While Maine’s old stone walls are still being repaired and maintained, it seems new walls are popping up around the state at a breakneck pace these days. Whether they are built with mortar or the traditional dry-laid technique, today’s stone walls come in an unlimited variety of shapes and sizes—from massive, square-sided walls built of quarried stone that can give an elegant Colonial the appearance an austere fortress to the gracefully weaving fieldstone walls that capture the character of Maine’s haphazardly stacked “farmer’s walls.”

Craig Aronson of Aronson Stonework in Litchfield often reclaims rocks from old farmer’s walls. While Aronson also enjoys working with stone he finds on-site, he relishes salvaging rock from ancient deserted house foundations and from crumbling forgotten walls deep in the woods. “Old foundation stone is just perfectly weathered,” Aronson says, “and it’s a more natural fit for this environment than something shipped up from Pennsylvania.”

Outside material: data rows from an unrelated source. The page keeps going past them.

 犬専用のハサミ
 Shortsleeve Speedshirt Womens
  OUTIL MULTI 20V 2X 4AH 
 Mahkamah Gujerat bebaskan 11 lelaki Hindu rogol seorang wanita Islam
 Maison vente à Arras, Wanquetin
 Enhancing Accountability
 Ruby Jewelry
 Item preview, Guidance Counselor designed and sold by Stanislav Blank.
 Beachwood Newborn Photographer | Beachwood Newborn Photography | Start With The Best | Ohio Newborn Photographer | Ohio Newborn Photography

Building between six and ten walls per year for the past 20 years, Aronson is forever on the prowl for more Maine stone. “I get what I can get when I can get it,” he says with a laugh when describing his rocking-hunting road trips. Aronson often stores his finds at this home in Litchfield and allows prospective clients to peruse his veritable museum of rocks to choose exactly what they like. “People appreciate the rocks,” he says. “They are what make each wall unique.”

Just as no two rocks are alike, each stone wall has its own character, and all of his stone-wall projects hold a cache of memories for Aronson. “I built that one alone in the fall after 9–11,” he says of the sweeping stone wall at Sweetser’s Apple Barrel and Orchards in Cumberland Center. “I sat in my truck at lunch and listened to the news reports,” he remembers. “And I ate a lot of apples, that barn was just loaded to the rafters with apples.” In between bites of McIntosh’s and Cortland’s, Aronson built the Sweetser wall with a mix of stone: “I brought a little in,” he says, “but mostly it was from an old foundation right there on the farm property.”

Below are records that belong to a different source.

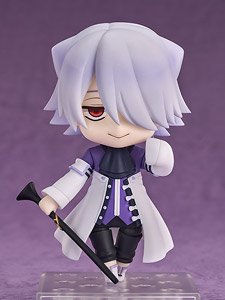 Nendoroid Xerxes Break (PVC Figure)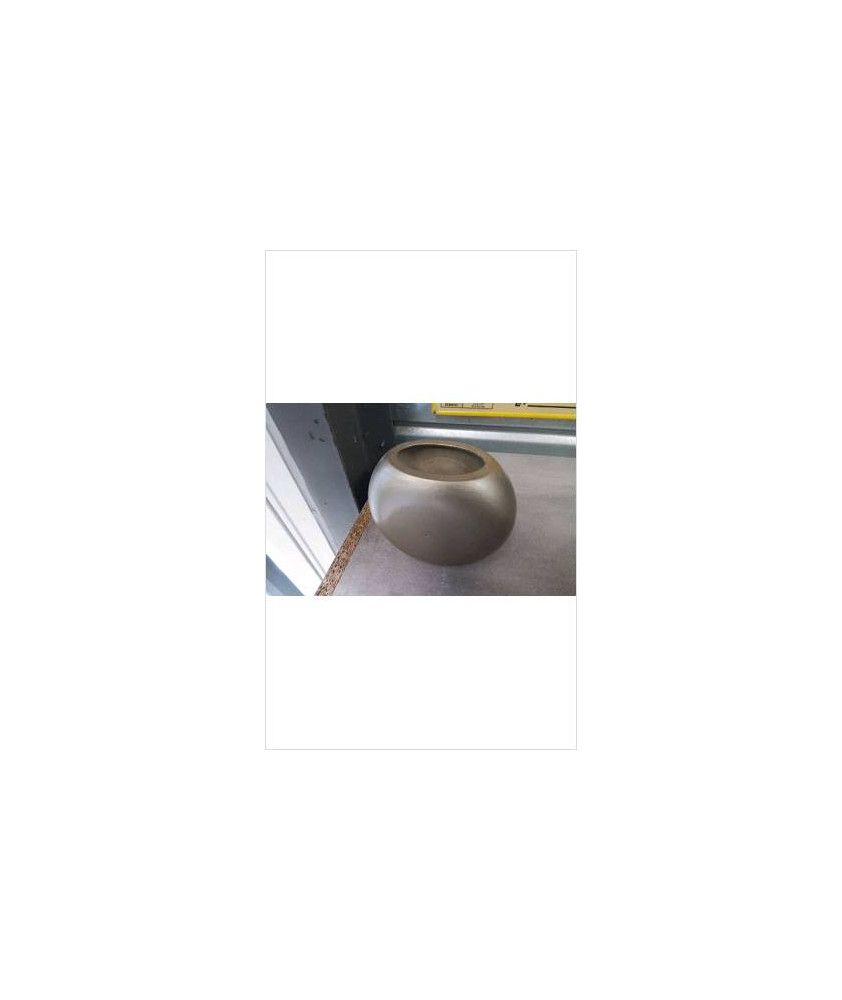 VASE PM DORE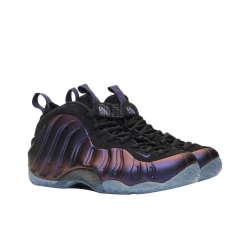 Мужские кроссовки Nike Air Foamposite One 'Eggplant' 2017 314996-008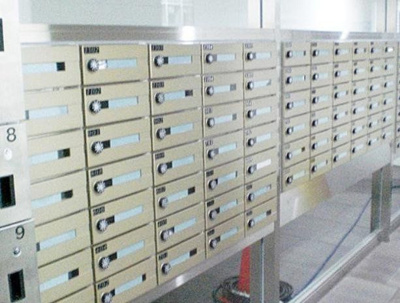 【設備】 | HF銀座レジデンスEAST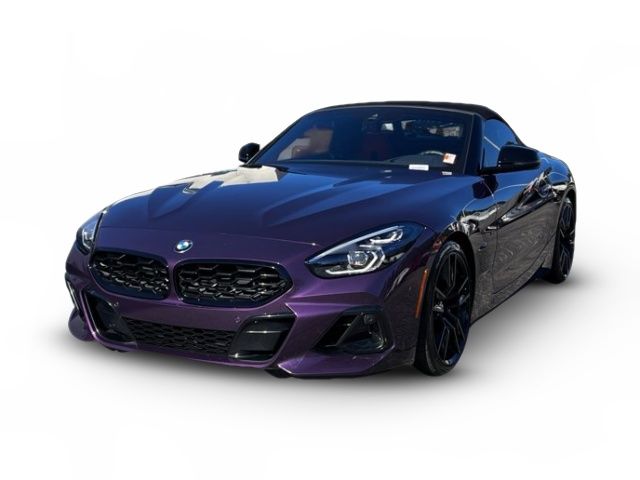 2024 BMW Z4 M40i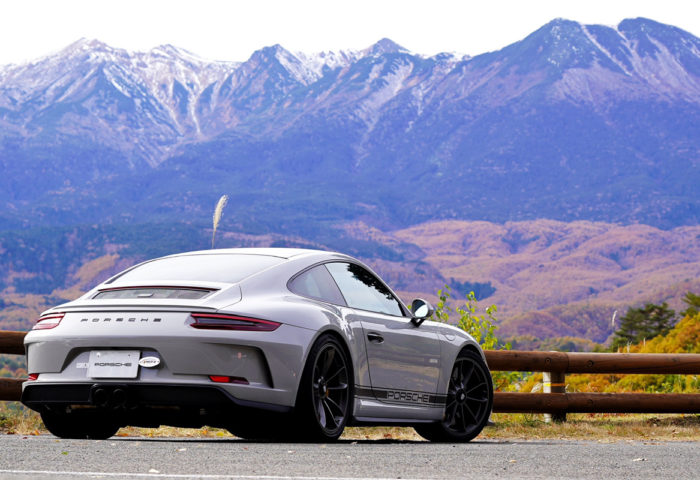 ポルシェ911gt3の維持費について 911カレラより高いの ポルシェがわが家にやってきた オーナーズブログ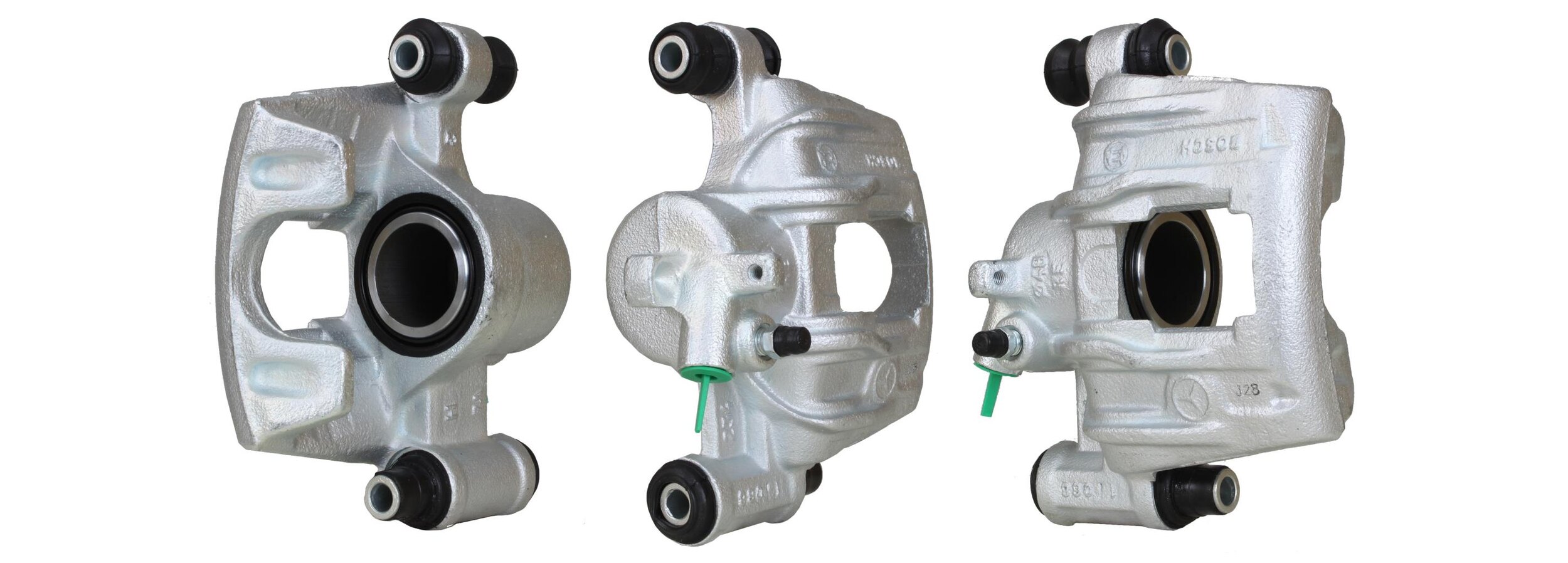Brake Caliper - 87-2987 ELSTOCK
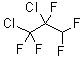 CAS#: 422-44-6, 1,2-Dichloro-1,1,2,3,3-Pentafluoro-Propane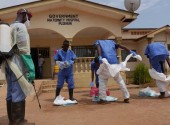 Ebola Free West Africa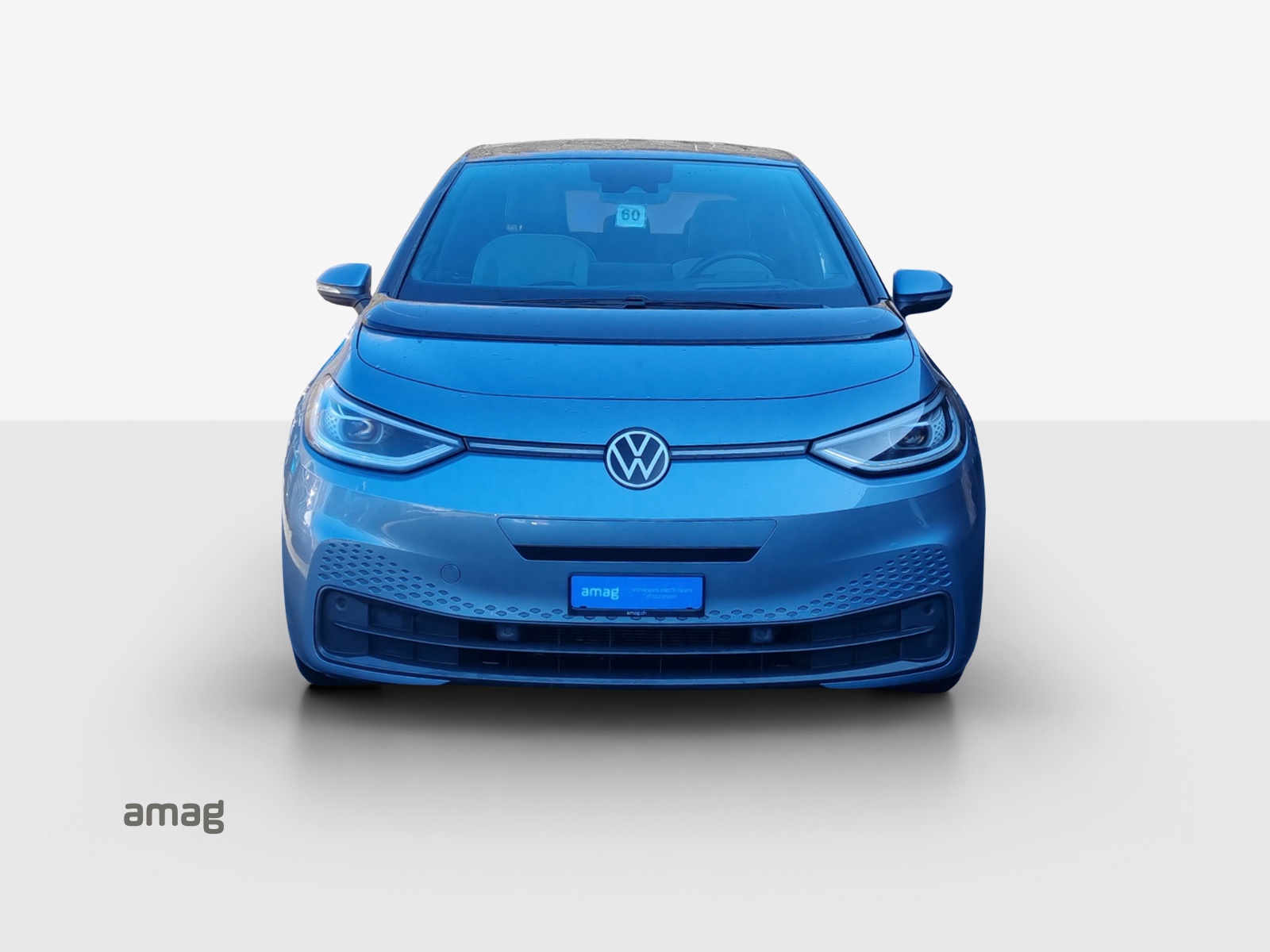 VW ID.3 Pro Performance 58 kWh Tech-image-7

Whether the rocks are plucked from the site or shipped in, David Eaton of Maine Stone and Landscape in Rockport says that the best-looking designs are located on sites that simply beckon for a stone wall. “I always say there has to be a reason to have a wall,” says Eaton, who’s been plying the trade for 25 years. “You don’t want a wall that just looks out of place.” Eaton says the style of a client’s house must also play an important part in what type of stone wall should be built—a farmer’s wall may be a perfect fit for a rustic home, but quarried stone or slabs of granite are likely more appropriate for a modern design.

While the relationship between home and wall is important, says Eaton, the unique qualities of a site will practically dictate a wall’s design. Several years ago, Eaton tackled a landscaping job that required him to build a stone wall at the bottom of an incline full of dense clay soils that were bursting with groundwater. He wanted a wall that looked informal in design, but yet he knew that a traditional dry-laid wall would have quickly tumbled over given the level of groundwater runoff on the site. Eaton’s solution was to set massive slabs of fieldstone on their edges and sink them six to eight inches into the ground to create a sort of retaining wall. He used similar pieces of fieldstone for the stairs that climbed the slope and under-filled them with loads of crushed stone to handle the runoff.

While there are countless stone-wall styles and designs, there is even more variety in the stones themselves. In his book Good Fences, photographer and author William Hubbell writes that the stone walls erected in central New England between 1810 and 1840 have more collective mass than the great pyramids of Egypt—an assertion that seems unfathomable, yet appropriate to this ubiquitous element of the Maine landscape, which represents the tenacious desire of New Englander pioneers to shape the land around them.